There could be further spike in debt levels, although for temporary period, on account of continued capex in new office complexes and construction spend on residential projects.

"Gross sales booking: Rs 110 crore, since sales were halted from May 1 due to RERA (new real estate law) compliance; cancellation/upgradation Rs 235 crore resulting in net sales booking of Rs (125) crore booked in Q1, FY18. This is in comparison to net sales booking of Rs 400 crore in Q4 of FY17," DLF said.

Yesterday, the company reported a 58 per cent fall in consolidated net profit to Rs 109.01 crore for the quarter ended June against Rs 261.85 crore in the year-ago period.

Total income, however, rose by 9 per cent to Rs 2,211.24 crore in the first quarter of this fiscal from Rs 2,025.58 crore in the corresponding period of the previous year.

The decline in net profit during the quarter under review was due to one-time extraordinary gain of Rs 329 crore in the corresponding three months of last year from the sale of DT Cinemas to PVR group.

DLF said the promoters' plan to sell their 40 per cent stake in rental arm DLF Cyber City Developers Ltd (DCCDL) "is in advanced stages of discussion".

In March, DLF promoters K P Singh and family had entered into an exclusivity pact with Singapore's sovereign wealth fund GIC for the stake sale.

"The company and investor are in the final stages of discussion on the documentation. The transaction shall be put up to Audit Committee/Board for final approval," DLF said.

In October 2015, DLF had announced that its promoters would sell their entire 40 per cent stake in DCCDL, which holds the bulk of the commercial assets of the group.

Sources had earlier said the deal is likely to be valued at around Rs 12,000-13,000 crore.

The promoters would invest a significant amount from this proposed transaction into DLF Ltd, which will use it for reduction of debt that has reached nearly Rs 26,000 crore.

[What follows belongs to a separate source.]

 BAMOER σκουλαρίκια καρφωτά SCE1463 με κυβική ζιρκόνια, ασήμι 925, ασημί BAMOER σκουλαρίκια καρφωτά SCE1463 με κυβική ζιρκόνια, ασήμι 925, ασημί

On sales, DLF said that the implementation of RERA and GST has continued to elongate the sales cycle and it expects that sector would achieve normalcy over next 2-3 quarters.

DLF expects the property market to recover soon with reduction in key policy rates by the RBI this month.

After the roll out of the Real Estate Regulatory Act in the June quarter, DLF said there was uncertainty in the market as each state followed a different time-table for adoption of the central law and framing of their rules.

"The introduction of GST, from July 1, also added to the uncertainty resulting in elongation of sales cycle. Back-end integration challenges continued as it was dependent upon the timing of the GST registrations of the vendors also. The company is fully compliant with GST regime," DLF said.